Promises Versus Process
The crypto industry’s demand for swift action often clashes with the slow realities of governance. Project 2025, the Heritage Foundation’s roadmap for a conservative administration, outlines ambitious goals for Trump’s first 180 days, including reclassifying digital assets as commodities instead of securities. However, achieving such reforms requires significant legislative and administrative coordination, which inherently takes time.
Similarly, Agenda 47, Trump’s broader policy platform, emphasizes reducing regulatory burdens but offers little detail regarding the SEC. While these frameworks highlight priorities, they lack concrete action plans, leaving much unresolved until Trump takes office.
Even under a unified government, durable regulation through the Administrative Procedure Act (APA) requires agencies like the SEC to solicit public input, consider feedback, and withstand legal scrutiny, often extending timelines beyond the industry’s expectations.
A Moment Of Reckoning
Trump’s promises to fire Gensler and revamp the SEC underscore his brash leadership style but also reveal the constraints of governance. While the crypto industry, emboldened by its record-breaking campaign investments, expects swift results, the incremental nature of regulatory processes may frustrate an industry that is long on bitcoin but short on patience.

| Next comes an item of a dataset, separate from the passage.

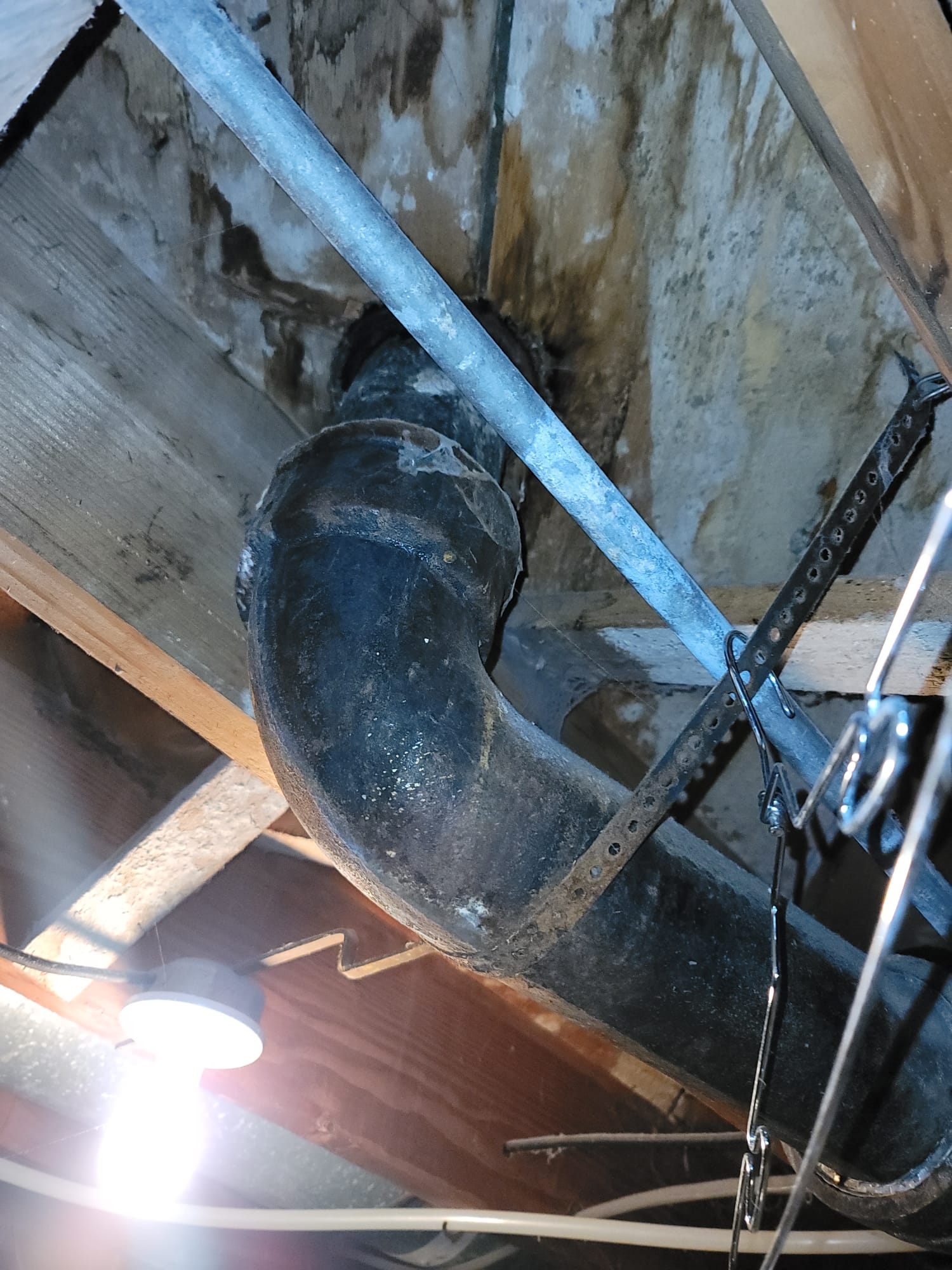 Close-up of a plumber expertly using a toilet snake to clear a blockage. The image highlights the tool's effectiveness in restoring proper toilet function, showcasing clean and efficient plumbing work.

Ultimately, the path forward requires a combination of strategic appointments and legislative collaboration. For Trump, the key lesson is that bold promises must yield to the realities of governance, where lasting change depends on navigating legal and procedural hurdles. For the crypto industry, the takeaway is that while a supportive administration is crucial, enduring progress will be shaped by the processes that turn promises into actionable policy.